Once the word “phishing” became attached to the service, people became fascinated.  I have no idea of the order of it all – but several things happened:

  • A ridiculous number of people decided to try out the alleged phishing site.  Some of them even changed their password afterwards.
  • References were passed around to a site called “Twitterawesomeness” that appears to exist as a very pointed statement about how easy it is to phish a site like twitterank. The disclaimer states:

I’m in ur Twitterz, stealin ur credz!
It’s ok, 178 other people gave their passwords too!

  • The author of Twitterank came out with this statement:

I’m not out to steal ur twitterz. Frankly, I wish I didn’t have to ask for your account info, but Twitter doesn’t offer APIs using any other authentication mechanism (according to the docs). So blame them.

So let’s see then:

  1. twitterank is right.   The best way to protect the passwords of the users of your service is to provide alternatives to giving away your password.   Granting permission for another entity to see your data is something Twitter can securely enable – or ignore.  We know where they stand so far.
  2. twitterawesomeness is right too.  It doesn’t matter whether twitterank is crooked or honest.  Anyone who wishes to spend the 10 minutes to emulate twitterank’s main page can harvest passwords, if they can get people to click on a modified link.  Obviously not a difficult task – especially when people only see a “tinyurl” for most of the links they click.  Heck, just register “twitterrank.com”.  People will come to you.
  3. To all you folks who changed your password — do you use that password anywhere else?  Cause if I were going to steal username/password combinations, it certainly wouldn’t be to read a twitter stream.  But I’m sure nobody would be crazy enough to use the same combo at twitter and at their bank…  what about the password you might have had when you tried the service a month ago?
  4. In fact – even if you don’t use that combination at your bank, I might be able to still get there.
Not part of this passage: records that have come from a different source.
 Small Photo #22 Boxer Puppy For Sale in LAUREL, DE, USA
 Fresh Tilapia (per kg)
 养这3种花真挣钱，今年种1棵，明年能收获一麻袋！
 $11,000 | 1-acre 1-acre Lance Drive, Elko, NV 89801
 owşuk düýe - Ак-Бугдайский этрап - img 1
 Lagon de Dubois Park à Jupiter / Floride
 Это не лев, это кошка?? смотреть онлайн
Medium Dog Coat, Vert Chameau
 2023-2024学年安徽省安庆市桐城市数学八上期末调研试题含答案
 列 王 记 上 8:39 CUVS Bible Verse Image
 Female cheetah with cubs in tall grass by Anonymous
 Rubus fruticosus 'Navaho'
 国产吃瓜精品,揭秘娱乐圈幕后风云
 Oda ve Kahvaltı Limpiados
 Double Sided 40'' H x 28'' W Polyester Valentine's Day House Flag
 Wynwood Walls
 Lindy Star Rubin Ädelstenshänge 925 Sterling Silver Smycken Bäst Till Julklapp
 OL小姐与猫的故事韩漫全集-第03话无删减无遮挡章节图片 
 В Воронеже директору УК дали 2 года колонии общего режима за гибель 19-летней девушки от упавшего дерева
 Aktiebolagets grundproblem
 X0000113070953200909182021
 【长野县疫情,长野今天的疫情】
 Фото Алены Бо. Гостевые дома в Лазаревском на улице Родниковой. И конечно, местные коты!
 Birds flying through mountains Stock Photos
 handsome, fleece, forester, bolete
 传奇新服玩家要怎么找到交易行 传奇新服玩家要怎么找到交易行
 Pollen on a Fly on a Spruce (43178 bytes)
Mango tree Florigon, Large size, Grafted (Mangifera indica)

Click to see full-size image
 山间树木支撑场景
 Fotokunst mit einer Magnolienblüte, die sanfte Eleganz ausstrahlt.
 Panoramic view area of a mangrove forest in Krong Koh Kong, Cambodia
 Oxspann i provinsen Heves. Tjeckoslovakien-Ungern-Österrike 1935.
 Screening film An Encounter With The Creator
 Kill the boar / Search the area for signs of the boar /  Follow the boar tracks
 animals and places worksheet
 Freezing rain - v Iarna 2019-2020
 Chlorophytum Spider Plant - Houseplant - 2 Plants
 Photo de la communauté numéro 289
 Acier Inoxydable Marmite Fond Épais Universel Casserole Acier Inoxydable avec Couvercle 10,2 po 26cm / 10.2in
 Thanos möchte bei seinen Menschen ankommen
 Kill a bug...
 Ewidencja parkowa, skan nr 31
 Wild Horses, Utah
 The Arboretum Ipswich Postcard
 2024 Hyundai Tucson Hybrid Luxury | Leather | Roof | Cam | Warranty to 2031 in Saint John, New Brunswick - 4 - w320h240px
I would use the credentials to harvest your email address from twitter, and then try to login to that email account.    If I was lucky and got a hit, I could then start putting your email address into password recovery pages for all sorts of interesting places.  Once you have email, you have the keys to the kingdom.

Of course, I could also just phish your bank site.  Occam’s razor applies here.  Still, the point has been proven.